Authored by YorovSobir on May 19 2018, 10:59 AM.

Details

Reviewers
dvyukov
kcc
Summary

In tsan, release sequences are never blocked, and all of them will continue indefinitely. It leads several data races to be missed. On the other hand, tsan does not recognise fence semantics and their role in synchronization, causing tsan to produce false positives.
See more in https://www.doc.ic.ac.uk/~afd/homepages/papers/pdfs/2017/POPL.pdf
Now vector clock algorithm is modified according to the article. Correctness is proved by several unit tests.

Event Timeline

YorovSobir created this revision.May 19 2018, 10:59 AM
Herald added subscribers: Restricted Project, llvm-commits, delcypher and 2 others. · View Herald TranscriptMay 19 2018, 10:59 AM
YorovSobir retitled this revision from release sequence now can be blocked to Vector clock algorithm improvement in case of blocking release sequence.May 19 2018, 1:20 PM
YorovSobir edited the summary of this revision. (Show Details)
YorovSobir added reviewers: dvyukov, kcc.
jfb added a subscriber: jfb.May 23 2018, 8:38 AM

Hi Yorov,

Sorry for delays, I was on a vacation and now have a backlog of work.

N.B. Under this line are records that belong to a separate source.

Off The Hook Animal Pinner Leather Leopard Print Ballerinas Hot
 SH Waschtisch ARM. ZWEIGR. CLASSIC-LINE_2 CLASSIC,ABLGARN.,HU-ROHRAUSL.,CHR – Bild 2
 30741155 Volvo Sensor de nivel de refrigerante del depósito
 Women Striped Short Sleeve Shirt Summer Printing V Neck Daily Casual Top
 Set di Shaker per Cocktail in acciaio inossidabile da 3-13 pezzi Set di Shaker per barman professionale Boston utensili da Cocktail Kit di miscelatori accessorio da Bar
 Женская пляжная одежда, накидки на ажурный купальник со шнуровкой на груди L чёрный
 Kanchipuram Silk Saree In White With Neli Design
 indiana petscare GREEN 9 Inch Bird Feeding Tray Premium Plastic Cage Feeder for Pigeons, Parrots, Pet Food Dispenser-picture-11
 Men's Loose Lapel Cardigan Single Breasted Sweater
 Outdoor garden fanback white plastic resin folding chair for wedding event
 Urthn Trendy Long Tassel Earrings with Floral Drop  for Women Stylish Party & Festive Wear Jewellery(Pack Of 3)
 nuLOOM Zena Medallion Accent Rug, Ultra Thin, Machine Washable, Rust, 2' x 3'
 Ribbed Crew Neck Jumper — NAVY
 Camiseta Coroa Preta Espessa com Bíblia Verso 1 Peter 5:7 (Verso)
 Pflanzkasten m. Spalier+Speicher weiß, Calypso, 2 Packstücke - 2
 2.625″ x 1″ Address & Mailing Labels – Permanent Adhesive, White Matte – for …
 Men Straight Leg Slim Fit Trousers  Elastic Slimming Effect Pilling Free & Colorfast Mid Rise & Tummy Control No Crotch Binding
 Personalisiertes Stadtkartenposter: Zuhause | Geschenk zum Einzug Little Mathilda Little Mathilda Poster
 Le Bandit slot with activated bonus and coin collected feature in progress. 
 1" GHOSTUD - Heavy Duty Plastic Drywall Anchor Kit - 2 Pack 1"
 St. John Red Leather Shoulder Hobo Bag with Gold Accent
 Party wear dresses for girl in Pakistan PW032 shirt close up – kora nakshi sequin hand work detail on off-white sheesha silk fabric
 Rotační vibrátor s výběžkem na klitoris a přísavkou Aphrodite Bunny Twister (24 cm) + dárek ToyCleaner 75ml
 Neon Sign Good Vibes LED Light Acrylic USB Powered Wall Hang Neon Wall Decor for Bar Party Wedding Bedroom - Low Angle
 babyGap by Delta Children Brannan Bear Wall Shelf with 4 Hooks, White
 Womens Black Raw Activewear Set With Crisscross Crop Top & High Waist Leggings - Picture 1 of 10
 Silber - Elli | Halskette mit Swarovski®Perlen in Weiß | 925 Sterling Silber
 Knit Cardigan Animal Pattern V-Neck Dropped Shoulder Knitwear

Thanks for working on this.

This needs some additional work before we can merge this. High-level notes:

  1. Fences and release sequences need to be separated into individual patches. I would suggest to start with fences as it looks simpler.
  1. Tsan is used on a very large programs with thousands of threads and tens of millions of sync objects. Performance and especially memory consumption of synchronization handling is crucial. Since tsan is already widely deployed any non-constant overheads need to be controlled by flags. For example, any fence handling need to be completely skipped if the flag is not set. Default value for these flags it's a hard question, but we can decide later.
  1. Vector's should not be used inside of sync objects. There are 2 problems with Vector's:
    • they can use memory suboptimally, and this is unacceptable for sync objects since they can consume tens of gigs
    • our memory allocator does reuse memory between different size classes, this leads to O(N^2) memory consumption as these Vector's slowly grow during program startup and eat memory in all consecutive size classes; that's the reason why current clocks are built as chunked data structures with constant-size blocks
  1. For fences check out what we did in KTSAN to reduce their overheads (acquire_active and release_active):

https://github.com/google/ktsan/blob/tsan/mm/ktsan/sync_atomic.c#L6
I think we need something similar here. The actual threshold for discarding fence effects should be controllable with a flag.

  1. For release fences it's possible to get their overhead to almost zero in common case. The idea is as follows. In common case there are no acquire operations in between release fence and the corresponding relaxed store, in such case we don't need to memorize the whole thread vector clock. Instead we can memorize only the current thread time. Then when we need to turn a relaxed store into release operation, we use the current thread vector clock (it did not change because we did not do any acquire operations) except for the current thread time, for the current thread time we use the previously saved value. This makes release fence cost O(1) instead of O(N).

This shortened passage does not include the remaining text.